This post has been self-published on Youth Ki Awaaz by Down To Earth. Just like them, anyone can publish on Youth Ki Awaaz.

Why Women Farmers In Uttarakhand Are Bearing The Brunt Of A Rampant Monkey Menace

More from Down To Earth

By Sunita Narain:

Note: This article has been republished from Down To Earth.

It is time we redefined what we mean by conservation and what constitutes gender issues. I am in Almora, where a group of anguished women are telling me how their already hard life has become harsher because of marauding monkeys and wild boars. Their stories are heart-rending. One woman tells me how her young daughter was attacked. Another one talks of how she was mauled. She shows me her scars. All talk about how their crops are being devastated. “We get one-third (yield) or even less now.” Nothing is left, another says. “We can’t sleep at night … wild boars plunder our crops.”
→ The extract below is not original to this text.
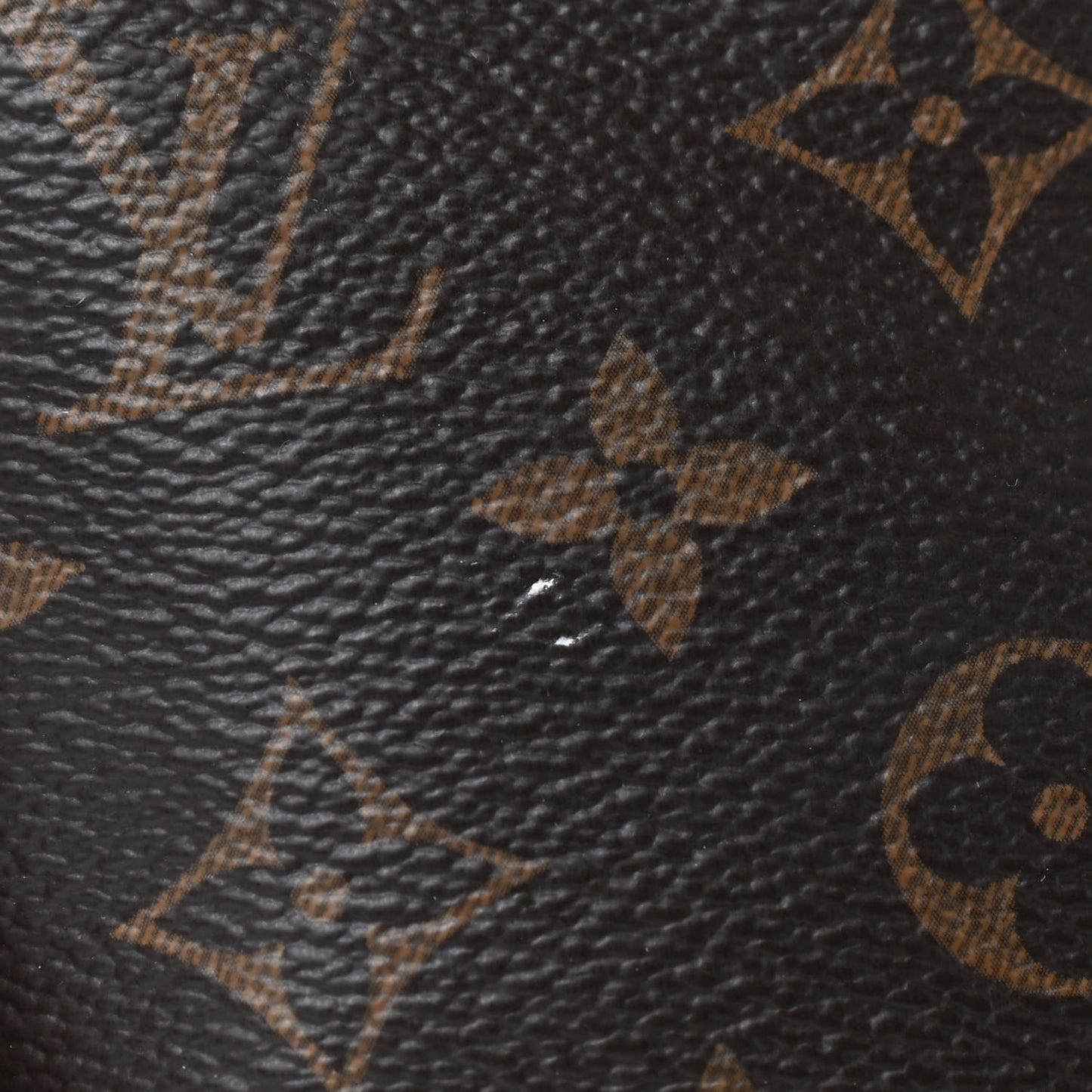 Monogram Pallas BB Safran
This comes after back-breaking work to get the food. In the Himalayas, women (there are no men, to speak of, in agriculture in this region) collect large loads of green fodder, carry them on their back up and down precipitous slopes, all to feed the livestock, not for milk but for manure. The steep mountain terraces are poor in fertility and this is the only way to improve productivity. Now even this is threatened.
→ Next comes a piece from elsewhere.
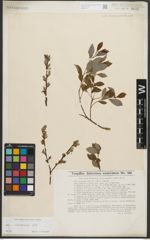 Foto von Salix starkeana Willd.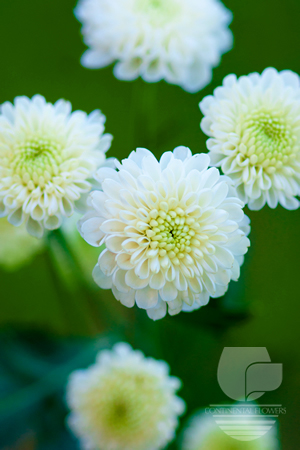 Waxflower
Their pain is palpable. Their livelihood is being destroyed. One woman tells me with obvious contempt, “The government says it will give us grain under the Food Security Act. We tell them, ‘Keep it. Your grain is substandard and poor in nutrition. Protect our land and we will give you double the grain.’ Our mandua is nutritious and healthy.” 

women farmer uttarakhand
For representation only. Source: Pradeep Gaur/Getty

I ask them, why they are raising this issue now. After all, they have always lived in this forested region where animal attacks are common. The older women reply, quickly and strenuously, “We have never seen anything like this. The numbers have multiplied many times.” I then say that this is clearly because we have destroyed habitats of monkeys and other wild animals. Forests are being destroyed and so animals are turning to human settlements to find food. It is our fault, I say. “We have not encroached on the forests. It is the city that has grown and taken over forest habitats,” they point out. What surprises me is the next response: “These are not our monkeys. These are aggressive and violent.” I probe more. The forest department, it seems, was bringing drugged monkeys from other places and leaving them in the forested villages. All this was being done at night and people had no information.
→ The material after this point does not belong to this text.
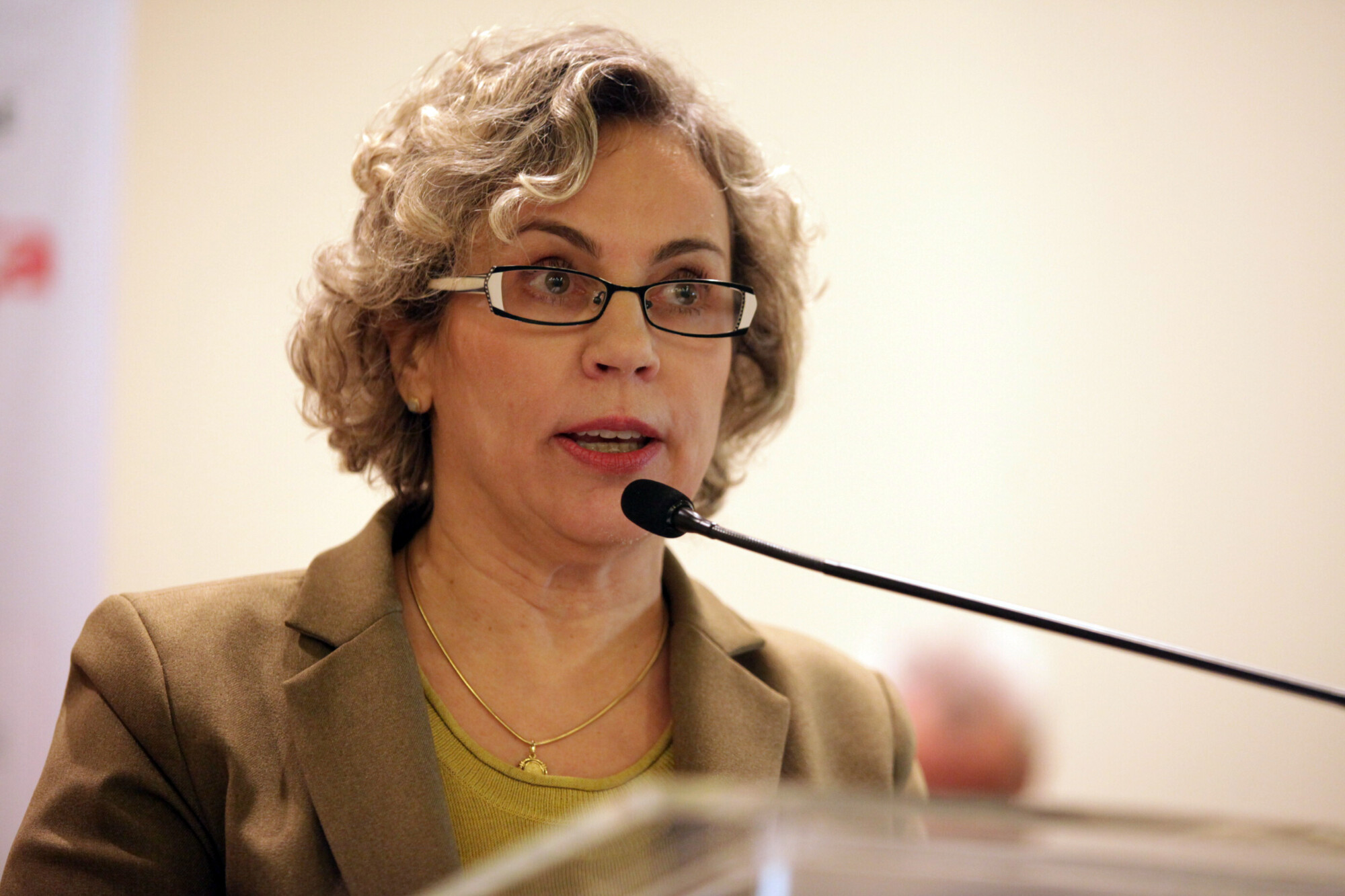 Deputada Ana Paula Lima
This does not surprise me. Even in Delhi, where the rich and famous live, when monkeys became a big menace they were ‘relocated’ to forested regions on the outskirts of the city. Now people like me can be wildlife enthusiasts without having to deal with animals in their backyard. But it does make me realise just how callous (indeed criminal) our conservation policies are.

I summon courage to ask what they want. After all, monkeys are worshipped as descendants of Hanuman. Will they allow killing? First, there is silence. I can feel the tension. Then one woman bursts out, “Yes. These monkeys are not Hanuman but Bali — the evil one.” The rest join in. “We want the government to act.” This would mean that the Uttarakhand government would have to declare monkey vermin and then undertake culling.

Currently, governments struggling to deal with the menace are relocating and sterilising monkeys. This measure is clearly failing. Sterilisation requires capturing the animal and holding it for three days before sterilising and freeing it. The programme is designed to fail. There are too many animals, capturing is difficult and it is impossible to know which animal has been sterilised. Worse, there is no clear idea of the optimum number that needs to be sterilised, so breeding continues. Primatologists say at least one-third of the population needs to be sterilised to stabilise (not reduce) growth. This is impossible to achieve.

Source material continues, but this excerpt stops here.